= Aupamanyava =

Vedic sage

In the Vamsa Brahmana of Vedic literature, Aupamanyava is listed as a Vedic sage and teacher of the Sama Veda.

The patronymic Aupamanyava or "Upmanya" establishes him as a descendant of Upamanyu, while the name Kamboja suggests an association with the Kamboja kingdom of the (late Vedic) Mahajanapada period.

The Vamsa Brahmana informs us that sage Anandaja had received Vedic learning from the sage Samba, the son of Sarkaraksa, as well as from Kamboja, the son or descendant of Upamanyu.

==Lineage==
The Vamsa Brahamana of the Sama Veda refers to one Rsi Madragara Shaungayani as the teacher of Aupamanyava Kamboja. As the name itself suggests, the risi Madragara Shaungayani belonged to the Madra tribe, i.e. the Uttaramadras who inhabited the northernmost reaches of Punjab.

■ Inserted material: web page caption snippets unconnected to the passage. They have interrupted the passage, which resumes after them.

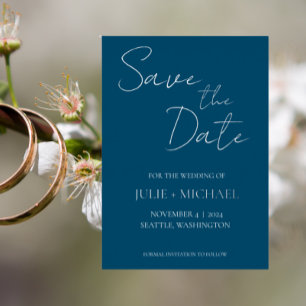 Invitación Con Relieve Metalizado Boda de estilo simple azul turquesa Guardar la fec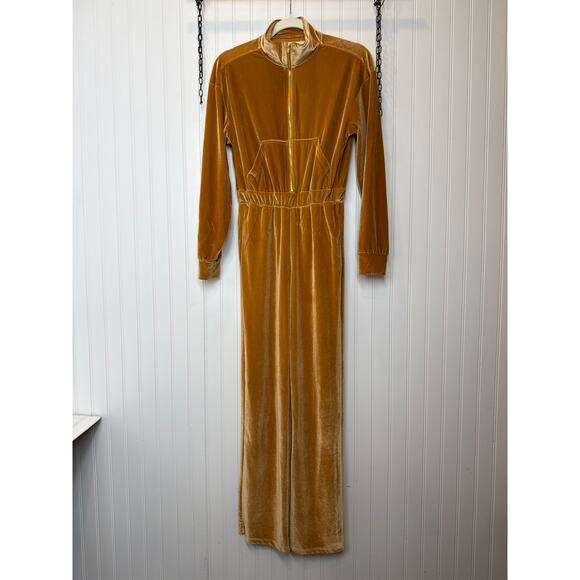 Fabletics Velour Zip-Up Wide Leg Onesie Jumpsuit Light Honey Wide-Leg Size XS - Picture 2 of 8
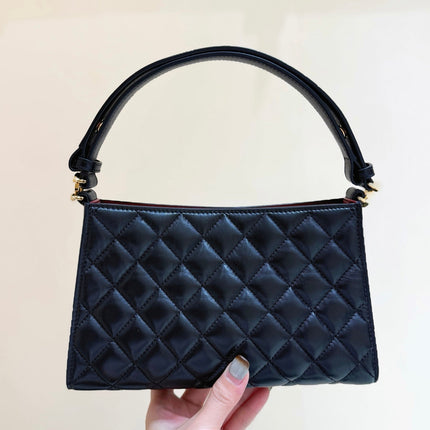 CHANEL 26S SHOULDER BAG 14 IN BLACK LAMBSKIN QUILTED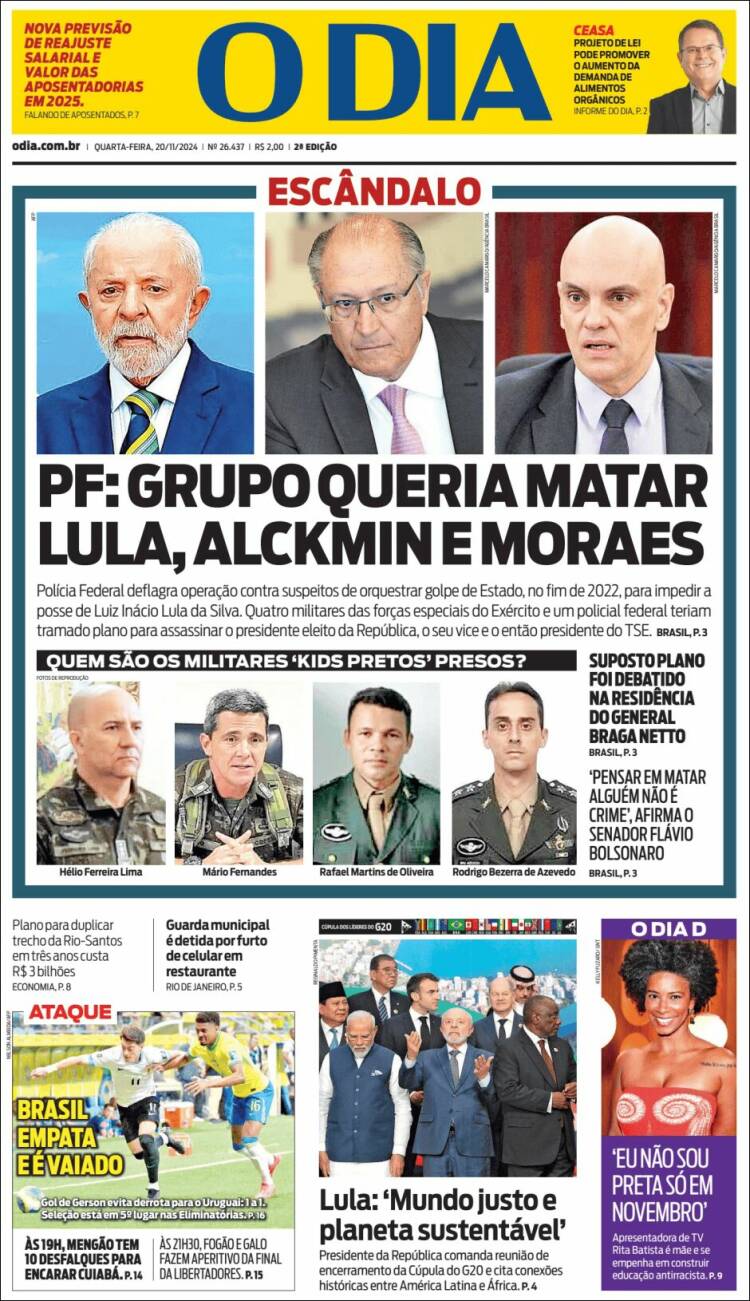 Portada de O Dia (Brasil)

Dr Jain also observes: "Kamboja Aupamanyava, pupil of Madragara, is mentioned in the Vamsa Brahmana. This points to a possible relationship of the Madras or more probably of the Uttaramasdras with the Kambojas, who probably had Indian as well as Iranian affinities".

==As a grammarian==

Aupamanyava is repeatedly quoted as a grammarian by Yaska in his Nirukta, and also mentioned in respect of the Nisadas and the Panca-janah.
Aupamanyava is also stated to have authored one Nighantu—a collection of Vedic words.
Pt Bhagva Datta points out that Dr G. Opart had referred to a nirukta (etymology) whose authorship he attributes to a certain Upamanyu.

==Vamsa Brahmana==
Commenting on the Vamsa Brahmana list of Vedic teachers, Albrecht Weber writes: "One fact deserves to be especially noticed here, namely, that several of the teachers mentioned in the Vamsa Brahmana, by their very names, points us directly to the north-west of India, e.g. Kamboja Aupamanyava, Madaragara Saungayani, Sati Aushtrakshi, Salamkayana and Kauhala". And commenting on the same list, R Morton Smith also writes: "The names Kamboja Aupamanyava, Sati Austraksi and Madragara Saungayani suggest a North-west connection for the main branch of the Vamsa Brahmana."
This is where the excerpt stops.